Following small surpluses in the second and third quarters, robust surplus growth in the fourth quarter backed by strong exports resulted in the narrow surplus, according to the State Administration of Foreign Exchange (SAFE) on Friday.
Also, the country’s 2018 surplus was equivalent to 0.39% of its gross domestic product (GDP), the first time the reading has dropped below 1%, according to SAFE. Central bank governor Yi Gang said late last year that China has never pursued a current account surplus, and the shrinking share of the surplus in GDP is an indicator that economic growth has come to rely more on demand from domestic consumers.
As the current account has gradually shrunk to less than 4% of GDP — a sign of a healthy economy — many analysts believe that China’s balance of payments is now moving more toward equilibrium.
China’s current account surplus expanded after 1993 and peaked at $420.6 billion in 2008. The surplus has continued to narrow since as the surplus of goods trade shrank and services trade expanded.
The country’s goods exports rose 9% to $2.42 trillion in 2018, a slightly lower growth rate compared with the growth of 11.4% in 2017.
Zhang Ming, chief economist of Ping An Securities, said that the impact of the increased U.S. tariffs has not yet been reflected in goods exports. Multiple analysts, however, said that China is likely to see the impact of the trade war with the United States this year and book an annual deficit in 2019.
China’s deficit in services trade expanded to a record $292.2 million in 2018, 10% more than that in 2017, according to figures from SAFE, as Chinese spent more on overseas trips, transportation and intellectual property rights.

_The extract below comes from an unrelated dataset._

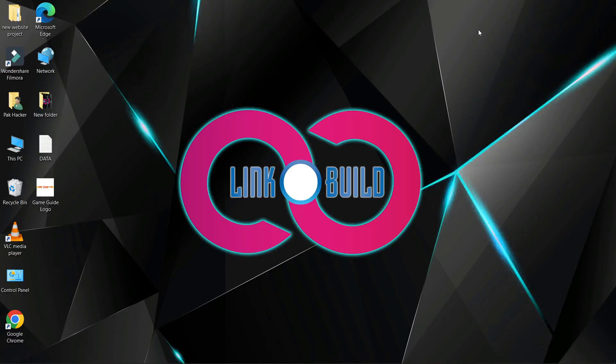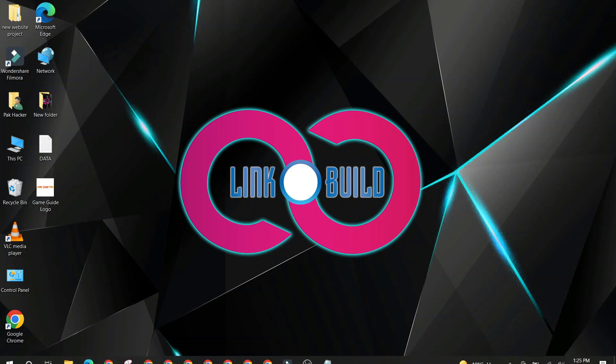Hello friends. Welcome to our YouTube channel LinkoBuild. Today I'm going to teach you how to create a profile backlink on seedandspark.com.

Growing expenditures on travel abroad contributed the most to the widening of the service trade gap, accounting for 81.11% of the service trade deficit. Guan Tao, a former director of the international payments department at China’s State Administration of Foreign Exchange, said that the widening of the services deficit reflects the need for China to adjust its economic structure and improve its services trade competitiveness.
Wan Zhao, a senior analyst at China Merchants Bank, said that the country is likely to see a decline in capital outflow for service trade as SAFE strengthens the management of cross-border capital flows. Wan expects the service trade deficit to stop expanding in 2019.
The narrowing current account surplus has fueled concerns that it might erode an important source of stability for the yuan, as large surpluses have meant a steady flow of capital into China, giving the People’s Bank of China a war chest of foreign exchange reserves.
China’s cross-border capital flow has generally stayed stable, and the international balance of payments was also at equilibrium, the administration said.
China’s exports to the U.S. exceed its imports from the rival economy by $27.3 billion in January, continuing to narrow from the record high of $34.1 billion in November.
Shipments to the U.S. declined in January for the second straight month to $36.5 billion, down 2.8% from a year earlier, while imports from the U.S. declined at a record pace of 41.1% to $9.2 billion.